French nuclear plant workers voted in favor of strike action, following on from a week of blockades of refineries and fuel depots by the powerful CGT union, which has seen fuel supplies across France dwindle.
The eight days of protests follow Hollande's decision to use a rare part of the constitution to bypass parliament, thus invoking reforms to the highly codified French labor laws.
CGT energy and mining federation spokeswoman Marie-Claire Cailletaud said that 16 out of France's 19 nuclear stations had voted for strike action and that those stations will reduce power output, but not stop generating.
"One cannot just turn off a nuclear plant, it is not like a thermal or hydro plant," Cailletaud said.
The Ufip oil industry federation told France 24 that around a third of the country's 12,000 petrol stations were running dry. France has also mobilized its emergency fuel stocks for the first time since 2010 but officials said there was no risk of a shortage.
The labor reforms were largely directed at making companies take on more workers on permanent contracts, rather than temporary ones, to bring down the unemployment rate from ten percent. The proposals would give employers more scope to lay-off workers and cut costs and allow some employees to work far longer than the current 35-hour week.

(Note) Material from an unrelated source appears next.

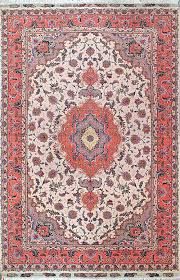 tabriz hand knotted 7x10 persian rug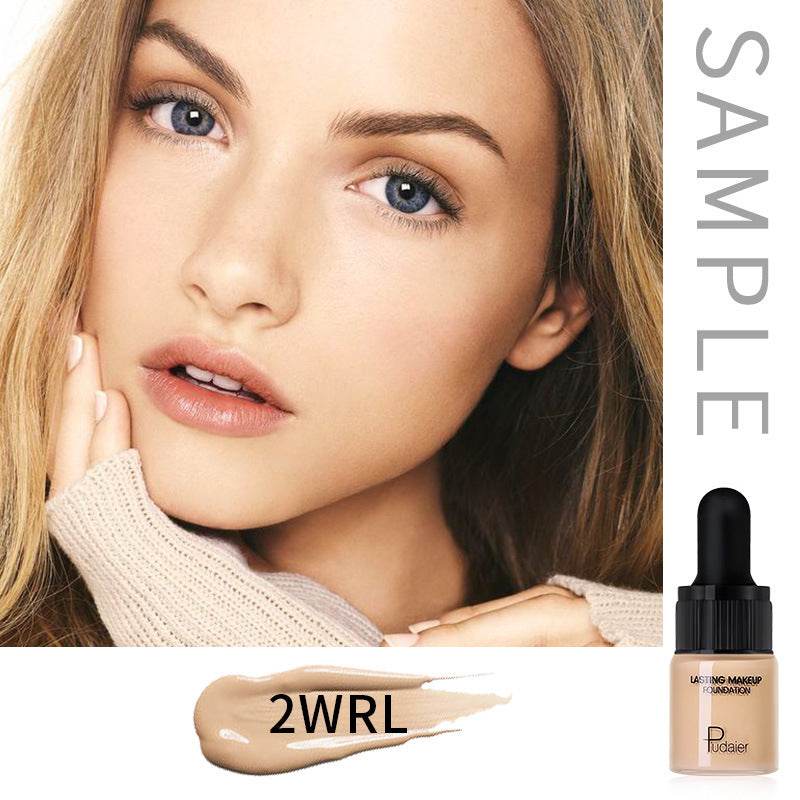 Sample baby bottle liquid foundation - Mubimart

Other reforms include a cap on severance pay for workers dismissed by a company. The current uncertain cost of laying-off workers mean that companies are risk-averse to doing so, leaving them less flexible and — in some cases — less productive. Opponents say the reforms would undermine workers' rights on pay, overtime and breaks.
The reforms would normally pass to the upper house of the French Parliament, where the Republicans have a majority, paving the way for a political ping-pong match, but Hollande's Prime Minister Manuel Valls has won cabinet approval to invoke the rarely-used Article 49.3 of the constitution which allows the reform bill to bypass parliament.